━━━ SOURCE DATA

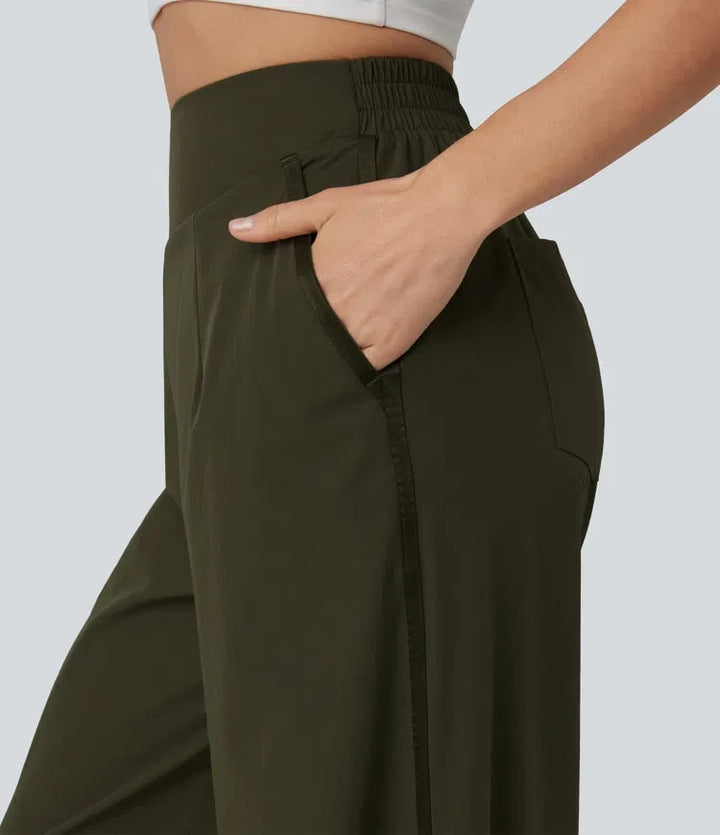 Högmidjad vida ben baggy vardagsbyxor med fickor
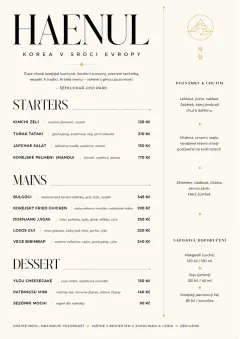 Chef Carte Brève menu template preview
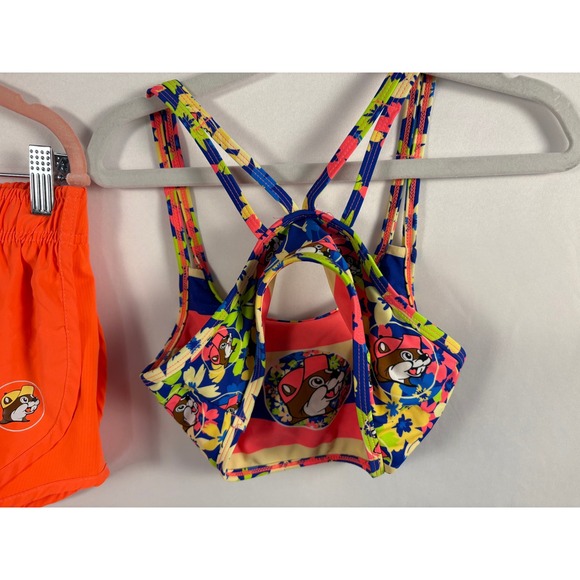 Buc-ee's Two Piece Swimwear‎ Neon Floral Beaver Top Orange Shorts YM - Picture 6 of 8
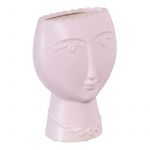 BigBuy Vaso 15 x 8,5 x 19 cm Face Cerâmica Malva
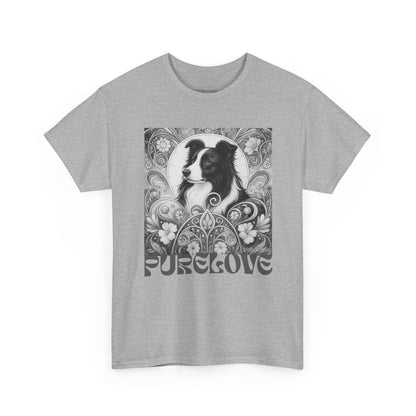 Border Collie Vintage Unisex Cotton Tee for Dog Lovers (Black & White)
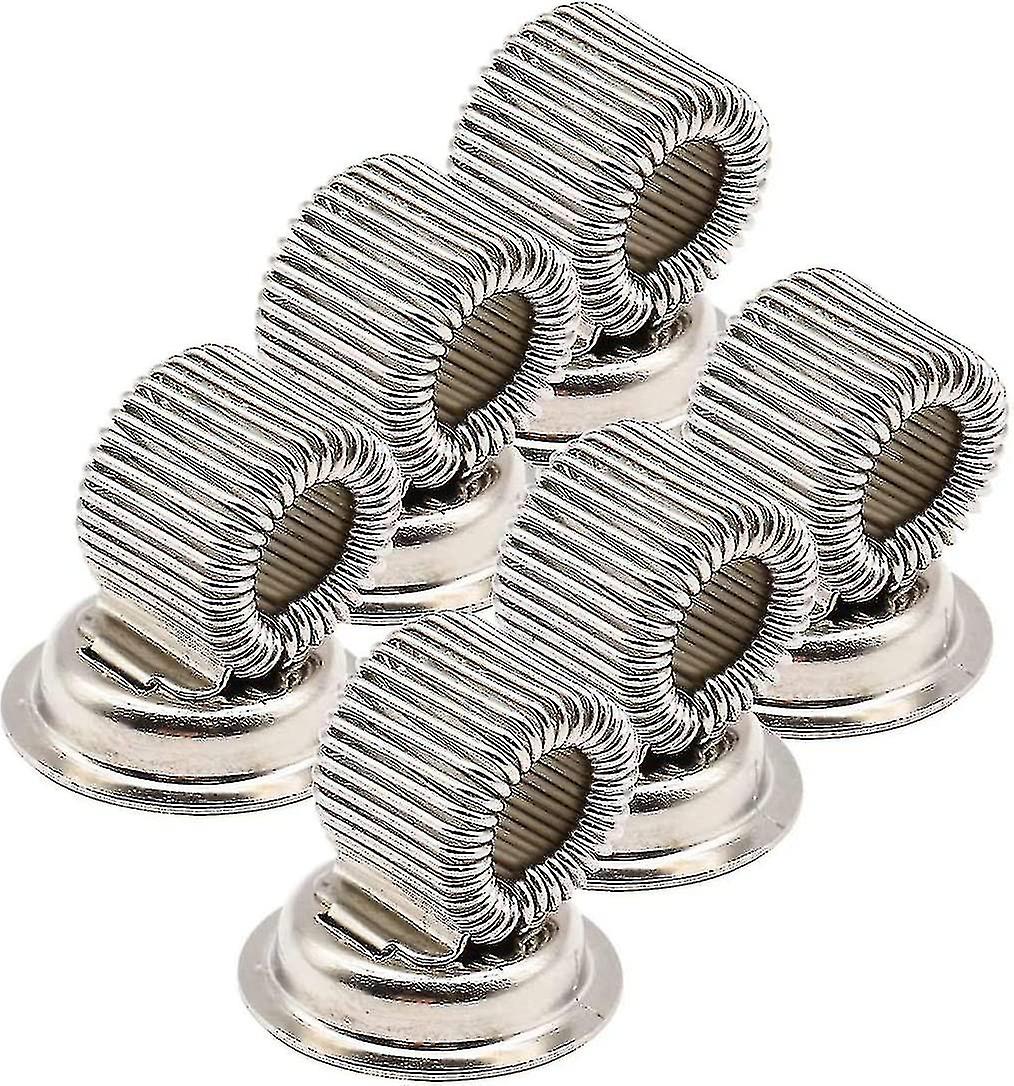 6 Pieces Of Powerful Magnetic Pen Holder With Adjustable Spring Coil In Stainless Steel Refrigerator, Very Suitable For Use On Refrigerator And White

━━━━━━

_GOAL OF THE EXERCISE_:
When you set down the records above, copy every line exactly and exclude the pictures.

_OUTPUT FOR THIS EXERCISE_:
 Högmidjad vida ben baggy vardagsbyxor med fickor
 Chef Carte Brève menu template preview
 Buc-ee's Two Piece Swimwear‎ Neon Floral Beaver Top Orange Shorts YM - Picture 6 of 8
 BigBuy Vaso 15 x 8,5 x 19 cm Face Cerâmica Malva
 Border Collie Vintage Unisex Cotton Tee for Dog Lovers (Black & White)
 6 Pieces Of Powerful Magnetic Pen Holder With Adjustable Spring Coil In Stainless Steel Refrigerator, Very Suitable For Use On Refrigerator And White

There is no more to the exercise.